This project is designed to curate the research papers for the language models, specific to the NeurIPS conference website from 1987 to the latest conference. The web scrapper fetches paper metadata (for years before 2020), summaries, and PDFs for either a given year or a specific range of years.
project_root/
├── data
│ ├── 2021
│ │ ├── paper_id
│ │ │ ├── paper_id_abstract.json
│ │ │ ├── paper_id_metadata.json
│ │ │ └── paper_id.pdf
│ └── ...
├── utils.py
├── crawler.py
├── requirements.txt
├── Readme.md
To install this crawler, Ensure you have Python 3.7 or later installed.
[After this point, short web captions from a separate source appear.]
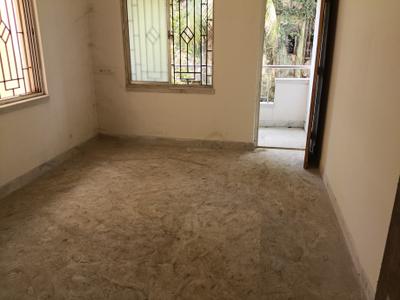 Bedroom Image of 876 Sq.ft 2 BHK Apartment / Flat for sale in Madhyamgram Kolkata for Rs. 2715600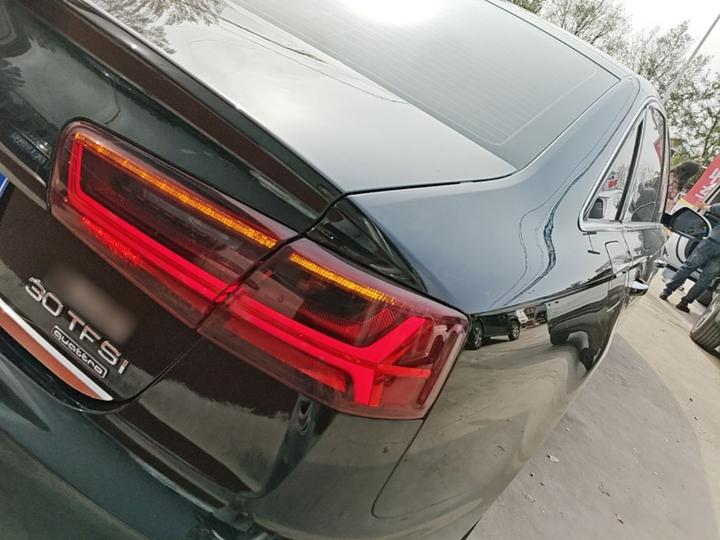 A6L 2017 45 TFSI quattro Sport photo 7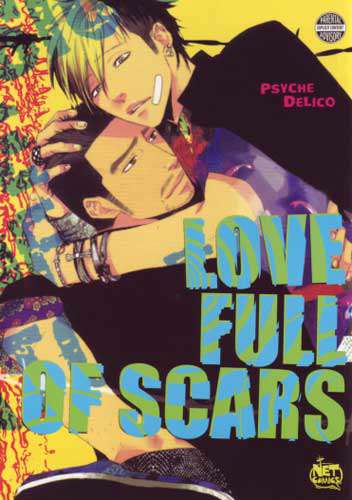 Love Full of Scars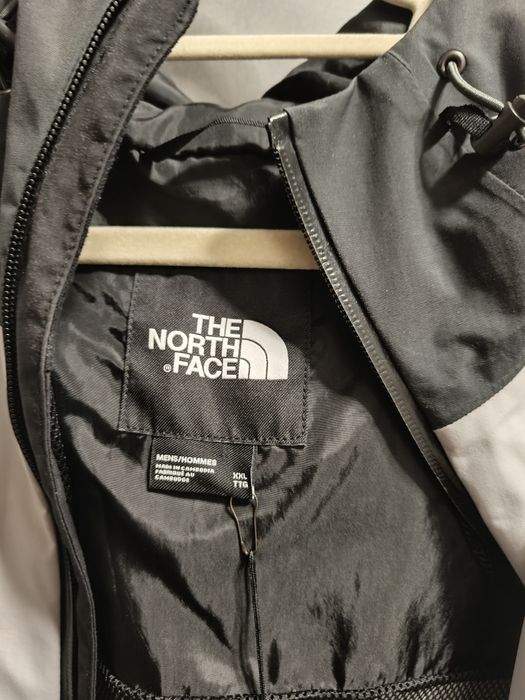 Яке The North Face - Stratos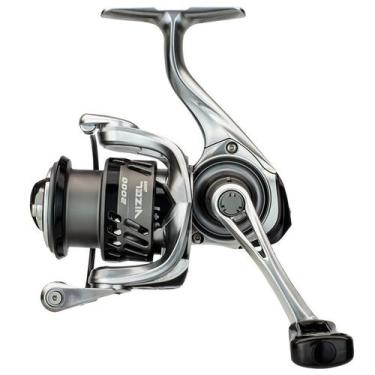 Imagem de Molinete Saint Vizel Air 2000 (06 Rol. Rec. 5.1:1 Drag 5.5kg)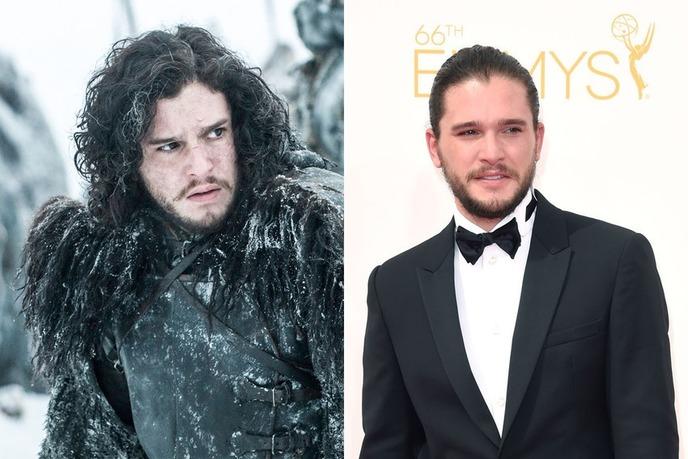 acteur game of thrones emmy awards 6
You will also need to install the required Python packages:
pip install -r requirements.txt
To execute the crawler use the following command.
python crawler.py --start_year 2020 --end_year 2021 --output_dir './data/' --type 'all'
Arguments for the crawler:
- --start_year: The starting year of the conference papers you want to download (default is 1987).
- --end_year: The ending year of the conference papers you want to download (default is the latest year available).
- --output_dir: The directory where the data will be saved (default is data).
- --type: To download the specific data type., it takes 'metadata', 'pdf', 'abstract', 'all' as inputs (default is all)
- Ensure the output directory exists before running the script.
- The script fetches data concurrently to speed up the process.
- If any errors occur while fetching the data, error message will be shown and exit out.